Als ich am Abend noch einmal über dieses Erlebnis nachdachte, habe ich mich an eine Geschichte erinnert:
Ein Amerikaner spaziert mit einem Indianer durch New York. Plötzlich zupft ihn der Indianer am Ärmel und sagt: „Hörst du die Grille zirpen?“
„Wie soll ich mitten im Lärm der Stadt eine Grille zirpen hören?“
Tatsächlich fanden sie in der Hecke an der Straße eine Grille.
Sie gingen weiter. Da nahm der Indianer eine Geldmünze aus der Tasche und ließ sie auf die Straße fallen.

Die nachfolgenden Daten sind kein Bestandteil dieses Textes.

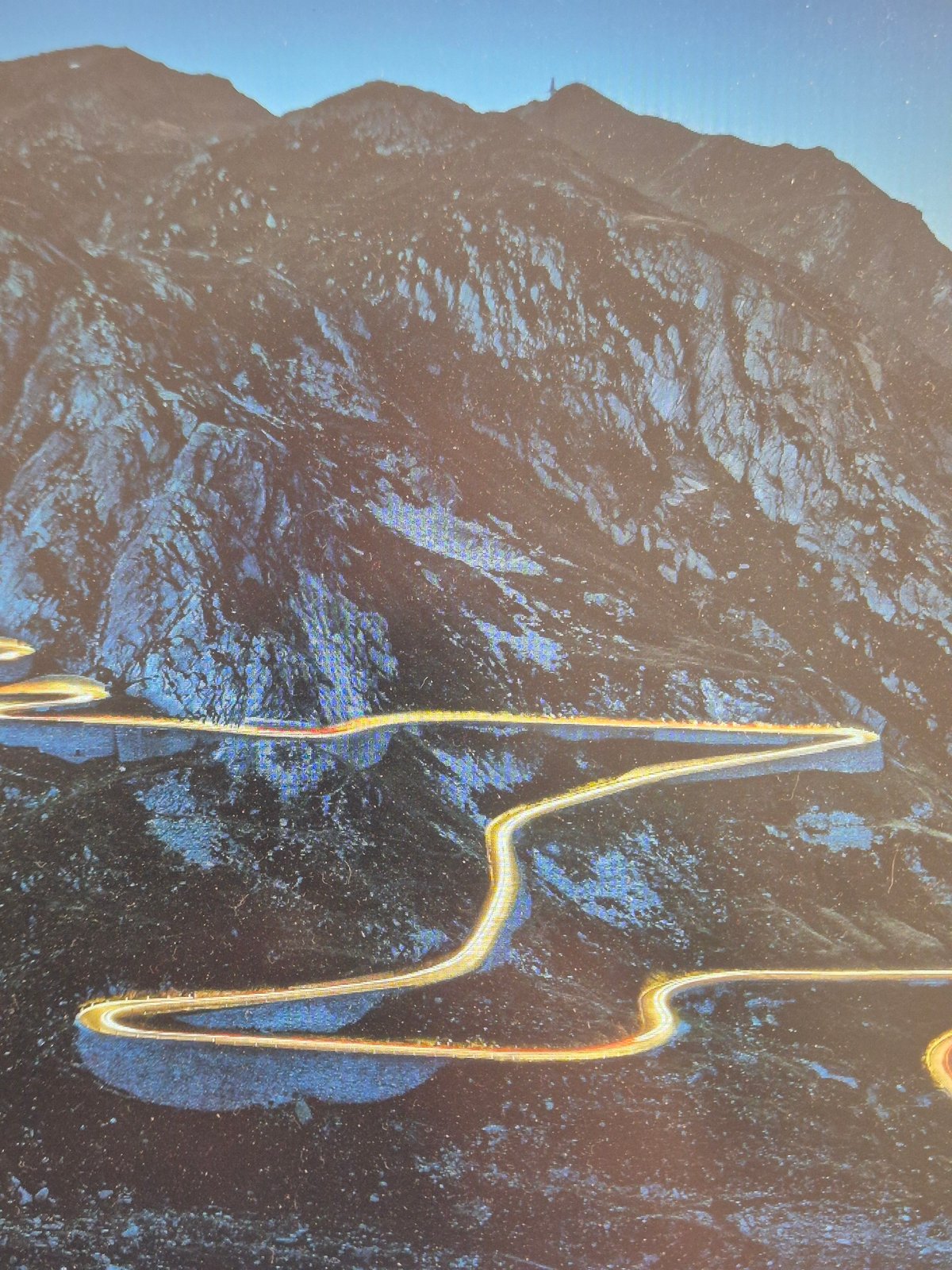 Light trails curve through a dramatic mountain road at night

Sofort drehte sich der Amerikaner um und sagte: „Da ist Geld auf die Straße gefallen!“
Der Indianer sagte: „Siehst du, die Münze ist kaum lauter als die Grille, aber die hörst du mitten im Lärm der Stadt!“

Was nehmen unsere Ohren wahr?
Das Laute in dieser Welt – oder auch die vielen leisen Töne, die Poesie, das, was der Mensch zwischen seinen Worten sagt, die Schwingungen, die von ihm ausgehen?
Die Tagesnachrichten, die man für uns ausgesucht und aufbereitet hat – oder auch die vielen kleinen Wunder und Begegnungen, die der Tag bereit hält?
Das Negative, von dem es immer genug gibt – oder auch das Wissen um die Größe und Herrlichkeit des Lebens?
Die Außenseite der Dinge (von denen man uns sagt, darauf komme es an) – oder auch das Geheimnis Gottes, das dahinter steckt?
„Hörst du den Dompfaff?“
Diese Frage hat mich nachdenklich gemacht.
Wie aufmerksam gehe ich durch die Welt?
Was nehme ich wahr, wenn ich einem Menschen begegne?
Worauf habe ich meine Antennen ausgerichtet?
Für welche Themen bin ich sensibel und wo höre ich gerne weg?
Für welche Dinge bin ich auf beiden Ohren taub?
Wo stehe ich da und staune wie Eckart?

Dass wir achtsam durchs Leben gehen, wünsche ich uns allen.
Es gibt mehr zu hören, als wir ahnen.